Busy as a Bee!

September 1, 2007

Bang, bang, bang! I can’t decide if I feel like I’m sitting in the middle of a shooting gallery, or it sounds like someone shooting off fireworks. Dove hunting season began at 12 noon here, and there are obviously LOTS of hunters busy taking advantage of it.

According to Tennessee Wildlife Resource Agency, the mourning dove is the most hunted migratory game bird in North America. I believe it, and I think every possible hunter is out there for the start of the season. The dove may be the symbol of peace, but they’ll be in pieces if they show a feather today.

While hunters are busy terminating doves, here on the farm we’re hoping for new life. One of the peahens is sitting on 4 eggs. It sure would be nice to see some little peachicks running around in the aviary. It just hasn’t been our year for peachicks. So far, zilch, nada, none.

While the hunters were after doves and the peahen sitting on her eggs, The Farmer was busy mowing the back yard today. This is news because it’s the first time he’s done it in years. We sold off the majority of our sheep and goats, and don’t have enough left to keep the grass eaten down like we used to.

He also tried out the new chainsaw he bought today. His previous chainsaw expired from old age. He sent it to the shop to be fixed and the bolts fell apart. Yeah, you could say it was extremely old.

While The Farmer was busy checking out his new chainsaw, some old trouble showed up to see what was happening. And what’s the biggest source of trouble on the farm? Why, the ornery little goats of course.

The one busy chewing Farmer’s pants is his special pet, a cashmere goat named Tom Thumb. He is the rare goat that would rather be petted than eat cracked corn.

And while the hunters hunted, the peafowl sat, and The Farmer sawed, there were bees and bugs busy gathering nectar from the newly blooming Sedum ‘Matrona’.

All around the area today, people and critters were busy as bees!

A Change in Weather

August 25, 2007

When I looked at the weather forecast today, it said the high would be 95° F. (35° C.). I thought, “Wow! It’s going to be a lot cooler today!”

You know it’s been too hot for too long, when 95°F. sounds cool!

It’s probably cooler because last night it rained. Not just a little-bitty, very brief hardly-wetted-down-anything shower, which is all we’ve got for weeks and weeks, but an honest to goodness thunder storm that lasted for hours. Wooooowwwww…. there was actually 2 ½ inches of water in the rain gauge this morning!

The garden was actually wet without me having to water it!
The dirt in the flower gardens was actually damp!

The pond had more water in it, which was all stirred up from the rain!

There were actually still WET spots on the driveway and road at mid-morning!

There was even a puddle of water on a little table on the front porch!

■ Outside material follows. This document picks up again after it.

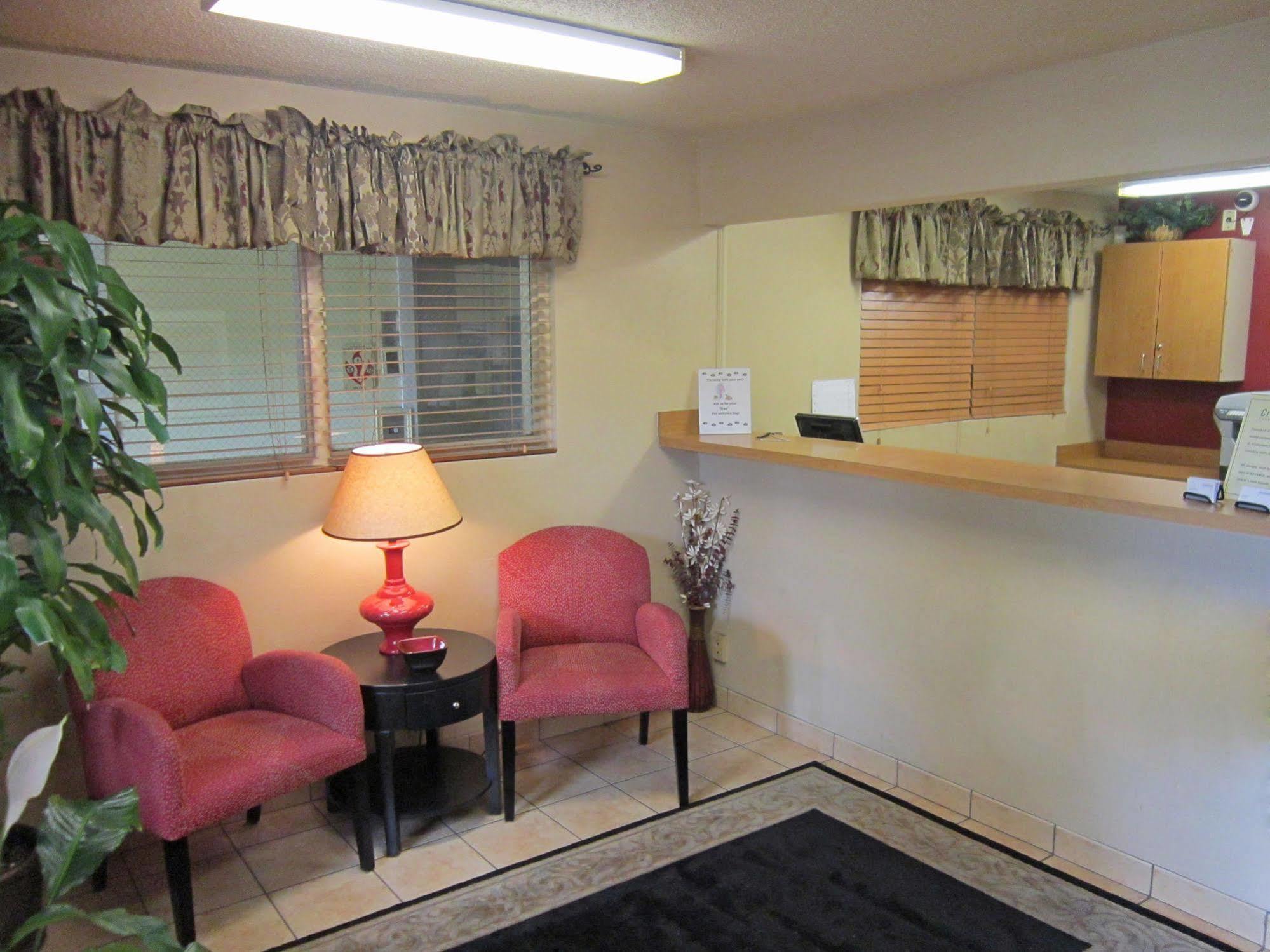 Hometowne By Red Roof Orlando - Ucf Area Motel 2*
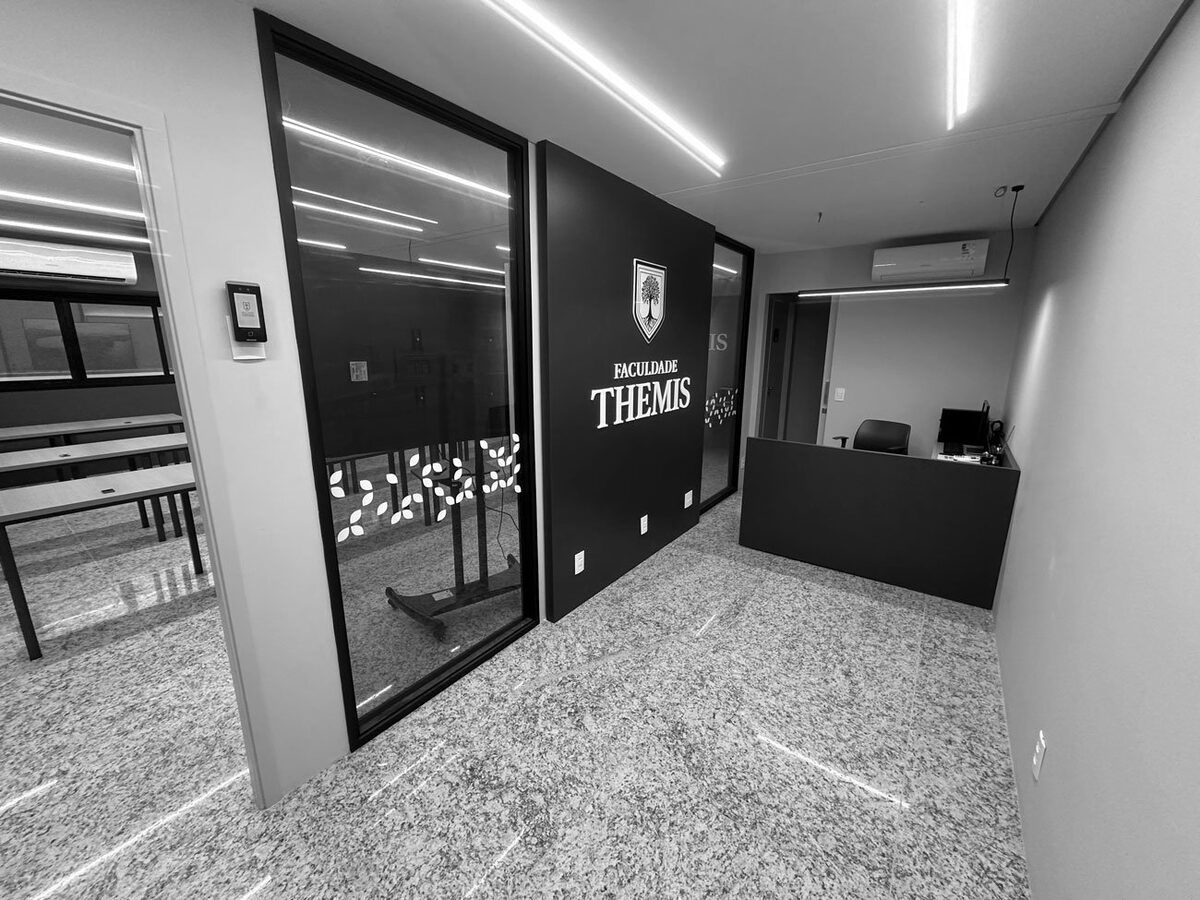 Recepção e secretaria da Faculdade Themis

Did you notice all the fallen, brown leaves in these pictures? That’s because of the drought, cause it certainly isn’t fall, and the weather certainly hasn’t been cool, let alone frosty!

Yes indeed, we sure could use some more of this change in weather.

More rain, and cooler temps please!

Of Gardens And Goats…

July 27, 2007

Jess and I wandered out to check the garden last night. The Alabama Crimson Tide Honeysuckle by the gate is blooming. I love the color, and the hummingbirds love the nectar.

We’re actually getting some tomatoes and peppers out of our little garden. Jess helped pick the produce. He enjoys the fresh tomatoes and peppers for lunch, and store bought tomatoes just do not compare to home-grown vine-ripened tomatoes.

He also pulled the water hose out to the other end of the garden, attached a sprinkler, and let the water soak the earth around the most recently planted tomatoes and peppers. We keep hearing rumbles of thunder, but it’s just a tease, and we still haven’t been getting much rain.

As Jess pulled the hose through the fence around the garden, he noticed a caterpillar hanging on the fence. Yes, hanging.

I would guess it’s going to pupate. I have no idea what kind of caterpillar it is, and what type of moth or butterfly it will turn into,so will be out checking it from time to time to see what happens.

This morning after the guys were both off to work, I went out to check the garden again, fill the water buckets for the animals, and throw scraps to the peafowl. Things looked fairly normal at first, but then I saw a strange sight in the peafowl’s aviary – – –

Apparently, Cinnamon’s twin buck kids had stretched out the bungee cord and pushed their way through the door. Once in the aviary, they obviously couldn’t figure out how to get back out. Cinnamon was bawling, and they were playing “butt heads” (which seems pretty appropriate to me).

Those little rascals are such escape artists, but this time they escaped INTO prison. Serves them right. However, getting the goats OUT while leaving the peahens IN was a chore, but I finally managed.